International Spring Orchestra Festival, Malta – Daphne Delicata | Estonian Sinfonietta Soloists

Moments musicaux, Op.16 – III & IV*
Introduction and Rondo capriccioso, Op.14*
Dead Souls – Polka [arr. Maxim Emelyanychev]
Metamorphosen [arr. Rudolf Leopold for string septet]
Fragments from Danse Macabre [arr. Johannes Põlda]
Valse triste, Op.44/1
Midnight in Riga

Daphne Delicata (piano)*

Estonian Sinfonietta Soloists
Johannes Põlda (concertmaster)

Reviewed by: Ateş Orga

Reviewed: 3 May, 2019
Venue: Teatru Manoel, Valletta, Malta

Estonian Sinfonietta SoloistsPhotograph: Ateş OrgaOn paper this “Danse Macabre” concert by the Estonian Sinfonietta Soloists from Tallinn promised an interesting snapshot of northern landscapes. In the event it ended up broadly as a succession of water-coloured cameos, the only offering of substance being Rudolf Leopold’s 1994 realisation of the septet draft of Richard Strauss’s late Metamorphosen.

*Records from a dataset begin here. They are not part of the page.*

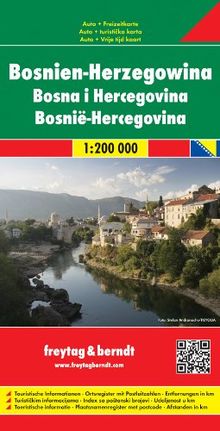 Freytag Berndt Autokarten, Bosnien-Herzegowina - Maßstab 1:200 000: Touristische Informationen. Ortsregister mit Postleitzahlen. Entfernungen in km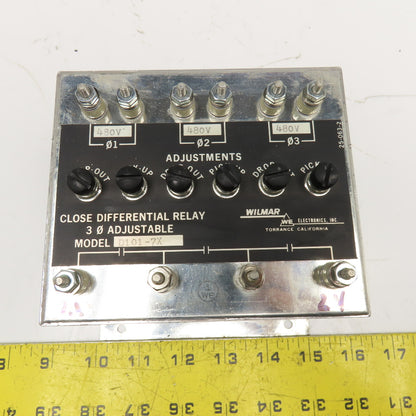 Wilmer D101-7X Close Differential Relay 3Ph Adjustable 208V Parts/Repair
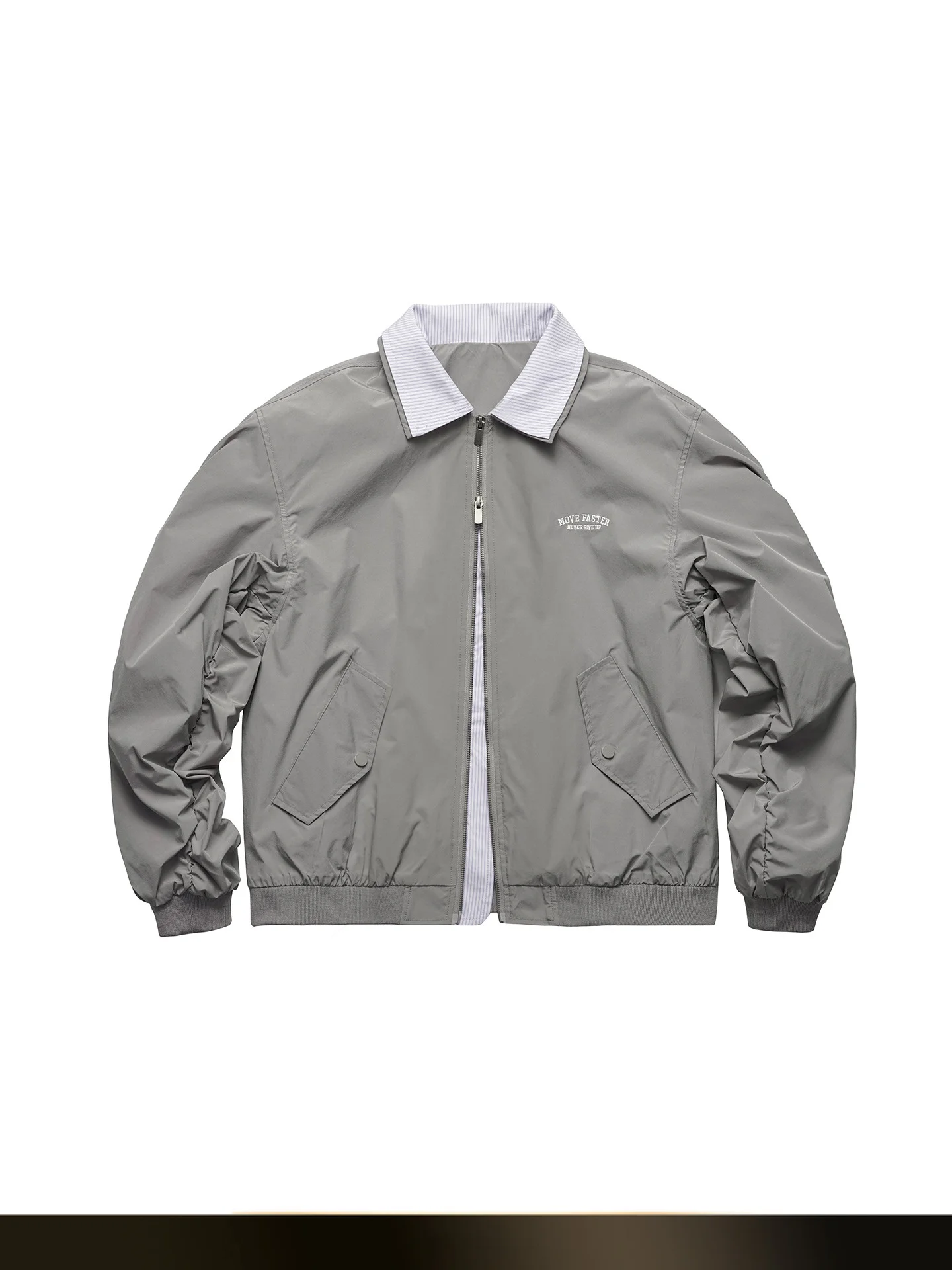 

American Retro Patchwork Collar Pilot Jaet Loose All-Match Sport Workwear Outerwear Polyester Fiber Long Sve Zipper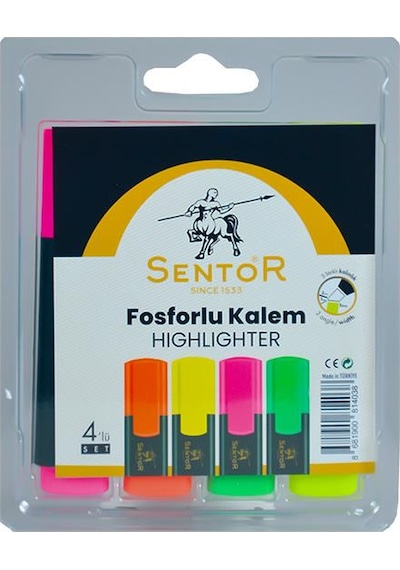 Sentor Fosforlu Kalem 4 Lü Highlighter 900 Çok Renkli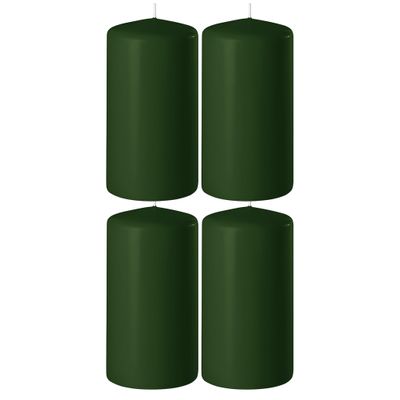 4x Donkergroene cilinderkaarsen/stompkaarsen 6 x 15 cm 58 branduren
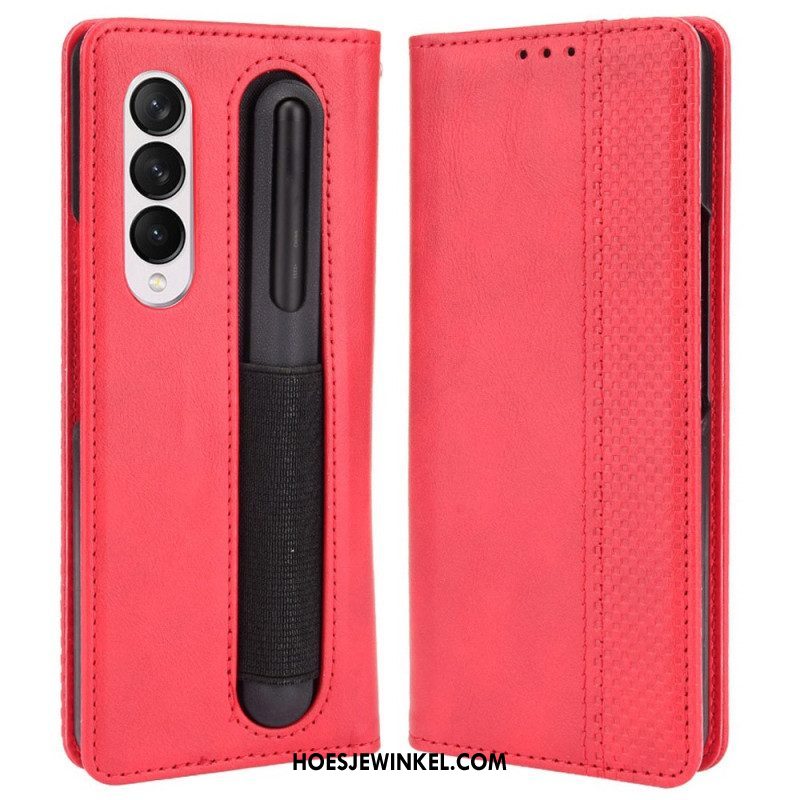 Bescherming Hoesje voor Samsung Galaxy Z Fold 4 Folio-hoesje Retro Pennenopslag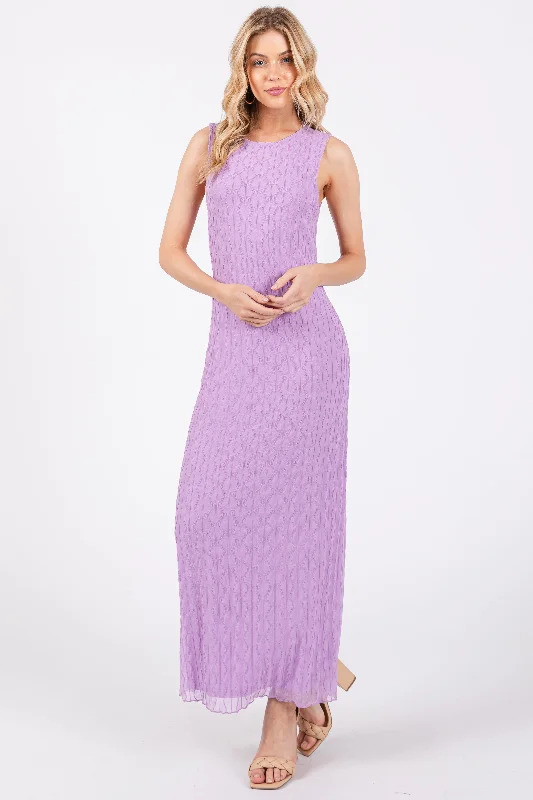 Lavender Mesh Overlay Midi Dress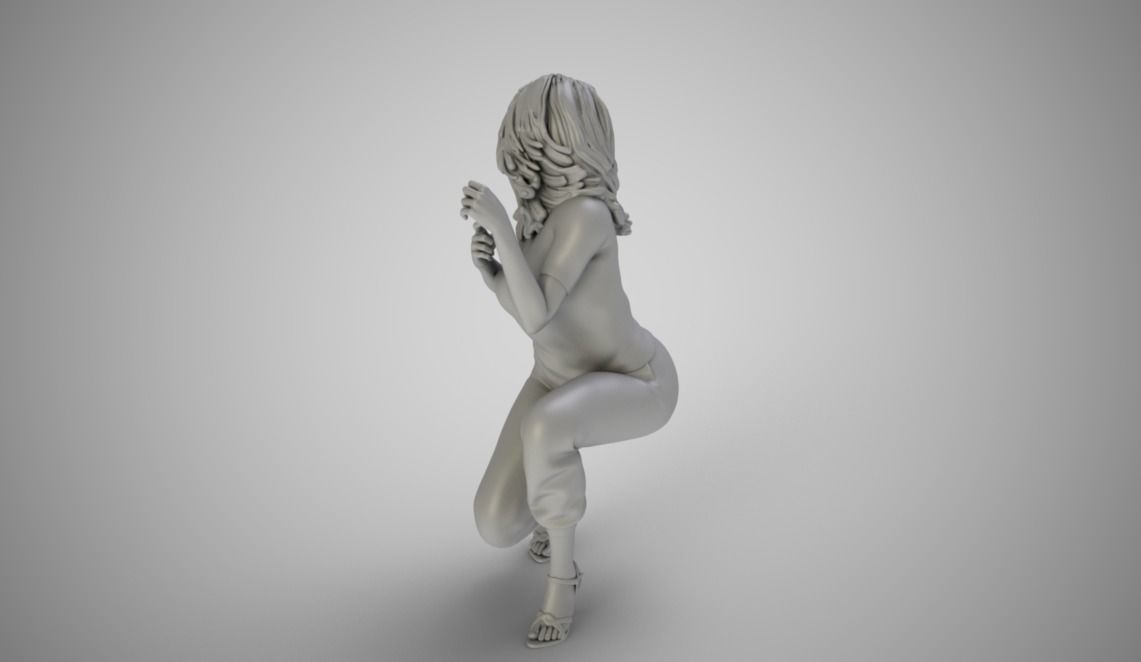 Hiding Woman 3D print model_2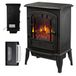 Relaxdays elektrische haard, vlameffect & verwarming, 2 standen, zwart | thermostaat, HxBxD: 56,5 x 39 x 24 cm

Discovered in Switzerland in 1990, this follows the septet ‘short score’, including its original closing modulation, while incorporating elements from the final twenty-three-string version. It’s sparseness doesn’t prevent the intensity or valediction of its message getting through – as students from the Yehudi Menuhin School showed us so brilliantly and lastingly at the Wigmore Hall last June – but to bring it off successfully requires greater commitment, cohesion and power than these Estonian visitors were able to muster. Concertmaster Johannes Põlda, leader of the Sibelius Academy orchestra in Helsinki, did his best by way of involvement and ‘conducting’, similarly the first viola and responsive second violin. But, on the night, tuning and intonation proved variable and distracting, compounded by the exposing dryness of the theatre. The pulse, likewise, was relatively soft. Cellos and double bass inclined to be tentative, at some cost in the ‘Eroica’ funèbre ghosting at the end.

Elsewhere, dark subject matter notwithstanding, humour was missing. Lest anarchy take over, the swoops and slides of the Schnittke Polka need a tonal bedrock to be contained: this was an uneasy opener, missing both the brilliant orchestral colouring of the original (Dead Souls, a staggeringly imagined score), and the virtuoso tongue-in-cheek acting of a Rozhdestvensky at the helm. Here, you felt, were instrumentalists shy of smiling or liberation. In Artūrs Maskats’s Midnight in Riga (Latvia, 2014), Second World War centered, tango plays an evocative period role. Baltic casino tango was big during the (nationally independent) thirties, mellow vocalists and melded musicians taking couples on journeys far beyond the heat of the night. The paraphrased rhythms of the music we got, if squared off, but too little of the erotic sensuality. A dose of Artem Timin and the Moscow Solo Tango Orquesta was needed. Perhaps, too, given this ensemble’s intentional absence of an artistic director, something like Paavo Järvi’s long-limbed, life-farewelling way with Sibelius’s Valse triste (here in its original scoring) might usefully have been seeded in the players’ minds – especially his emotive holding back at Letter C. “Death stands on the threshold.” Following Lepo Sumera’s Fragments from [the film] Danse Macabre (Estonia, 1991), this was an account bordering at times on the ordinary, needing tauter pacing and note-values, and a more poised way with pauses. Playing rather than dreaming, fact before fantasy, maybe a safe recipe but it’s rarely ever more than a low voltage prospect.

For the second of her three ‘warm-up’ appearances at this year’s Festival, Daphne Delicata took us down youthful roads. She caught just the right spirit in the third of Rachmaninov’s 1896 Moments musicaux, dark and moody, each strand weighted with expressive depth and sonorous tension. Mendelssohn’s pre-Midsummer Night’s Dream Introduction and Rondo capriccioso found her fearless, dispatching the tricky double-notes and broken octaves with brilliance and panache, flying the schoolroom in their communication. The cadential thrust at the end, solid rather than light, was impressive. For such a young player (she’s twelve) to be so emotionally engaged is remarkable. In the romantic cantabile of the Introduction she ‘rang’ her phrases and shaped the ornamentation with simple vocal grace, ‘speaking’ the melody with unforced personality, dramatising a fatalistic warning in the fortissimo double-dotted calls of the left-hand. Lightly pedalled, the semiquaver accompaniments of the Rondo rippled and breathed, webs of harmonically humming sound laced like Berenice’s tresses across the heavens. Where will her gift take her?